Manuel Valls prend la place de Jean-Marc Ayrault à Matignon
Manuel Valls prend la place de Jean-Marc Ayrault à Matignon © Maxppp / Christophe Petit Tesson

Pas de surprise à la tête du futur gouvernement remanié, annoncé par presque tout le monde depuis la claque électorale des municipales. Dans une allocution vidéo, François Hollande a fait de Manuel Valls son nouveau Premier ministre.

C'est un discours (court) qui a conclu cette dernière journée pour le gouvernement de Jean-Marc Ayrault. Le président de la République y a dit avant tout qu'il avait entendu le "message" des municipales. "Vous avez exprimé votre mécontentement et votre déception. Je suis venu vous dire que j'ai entendu votre message parce qu'il était clair", a assuré François Hollande.

Le message que vous m'adressez, je l'ai reçu personnellement, et je me dois d'y répondre. Le gouvernement de Jean-Marc Ayrault s'est consacré avec courage et abnégation à cette tâche difficile. Je veux lui exprimer toute ma reconnaissance. Il est temps néanmoins de passer à une nouvelle étape.

Première conséquence : le changement de Premier ministre et, dans les heures qui viennent, la constitution d'un gouvernement "resserré, soudé, un gouvernement de combat ".

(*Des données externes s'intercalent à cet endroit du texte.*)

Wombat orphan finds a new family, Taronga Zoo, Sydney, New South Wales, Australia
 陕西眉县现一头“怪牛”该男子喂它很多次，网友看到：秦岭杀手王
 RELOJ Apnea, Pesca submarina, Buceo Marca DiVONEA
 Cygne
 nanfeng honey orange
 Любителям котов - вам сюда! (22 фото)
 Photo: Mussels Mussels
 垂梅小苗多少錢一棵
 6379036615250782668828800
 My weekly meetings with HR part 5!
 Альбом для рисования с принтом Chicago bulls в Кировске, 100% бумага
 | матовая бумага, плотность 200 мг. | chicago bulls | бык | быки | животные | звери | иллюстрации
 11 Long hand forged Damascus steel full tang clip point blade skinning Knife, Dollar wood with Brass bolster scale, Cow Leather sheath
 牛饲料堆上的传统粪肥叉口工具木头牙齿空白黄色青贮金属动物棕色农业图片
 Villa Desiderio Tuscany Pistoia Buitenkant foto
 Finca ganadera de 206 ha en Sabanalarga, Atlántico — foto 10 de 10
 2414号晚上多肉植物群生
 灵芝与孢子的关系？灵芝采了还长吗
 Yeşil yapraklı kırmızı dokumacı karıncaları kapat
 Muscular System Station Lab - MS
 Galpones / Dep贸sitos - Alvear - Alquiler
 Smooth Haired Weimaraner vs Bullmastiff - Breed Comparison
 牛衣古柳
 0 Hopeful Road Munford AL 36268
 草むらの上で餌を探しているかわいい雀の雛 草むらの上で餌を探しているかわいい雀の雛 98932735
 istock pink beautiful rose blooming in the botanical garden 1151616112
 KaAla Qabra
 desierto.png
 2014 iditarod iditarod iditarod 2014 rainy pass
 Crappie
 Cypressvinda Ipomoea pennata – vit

Que fera ce gouvernement ? Le président cite plusieurs priorité. La première, c'est de mener à bien le fameux pacte de responsabilité... Mais en l'adaptant un peu à ce nouveau contexte de mécontentement général. "Au pacte de responsabilité doit correspondre un pacte de solidarité ", convient François Hollande. Le "chèque en blanc aux patrons" dénoncé par ses opposants sera compensé par "une baisse légitime des côtisations des salariés ".

François Hollande a terminé son allocution avec "un message d'apaisement et de rassemblement."

La France souffre de ses divisions. Elle perd son énergie trop souvent dans de vaines querelles. [...] Le dialogue et le respect sont la meilleure méthode pour réunir les Français.

La folle dernière journée du gouvernement

Le Premier ministre sortant avait été longuement reçu dans la matinée par le président de la République à l'Élysée. Un entretien de deux heures où, on le sait désormais, le Premier ministre s'est vu confirmer son départ. Matignon l'a confirmé officiellement vers 18h, tout comme la démission de l'ensemble de son gouvernement.

► ► ► ÉDITION SPÉCIALE | Remanier pour mieux changer ?

À l'inverse, la rencontre hebdomadaire avec Manuel Valls avait été, elle, reportée. D'aucuns y voyaient déjà un signe de la décision à venir de François Hollande sur le successeur de son premier Premier ministre.

Les précisions à Matignon de Cyril Graziani

Consensuel à droite, conspué à gauche

Pour autant, l'arrivée de Manuel Valls à Matignon ne règle pas tout, loin de là. Source de dissensions depuis plusieurs semaines, elle a confirmé la fracture entre les partisans du ministre de l'Intérieur, réputé plus à droite que le gouvernement actuel, et ceux d'une politique réorientée à gauche, représentants d'Europe Ecologie-Les Verts en tête. Cécile Duflot et Pascal Canfin ont d'ores et déjà annoncé qu'ils ne participeraient pas au prochain gouvernement.

► ► ► ALLER PLUS LOIN | Le communiqué de Pascal Canfin et Cécile Duflot

La nomination de Manuel Valls "n'est pas la réponse adéquate aux problèmes des Français", expliquent-ils dans un communiqué. L'ancienne ministre du Logement n'a jamais caché son animosité envers Manuel Valls, notamment sur la question des Roms.

Bref la nomination de Manuel Valls envoie plusieurs messages...

Décryptage avec le politologue Pascal Perrineau (au micro d'Angélique Bouin)

Maire d'Évry et député de l'Essonne jusqu'en 2012, Manuel Valls faisait partie des candidats malheureux à la primaire socialiste d'octobre 2011, remportée par François Hollande dont il dirigea la communication pendant la campagne de 2012. Au lendemain de la victoire de la gauche à la présidentielle, il avait été nommé au ministère de l'Intérieur, un poste stratégique qu'il a conservé dans les deux gouvernements Ayrault successifs.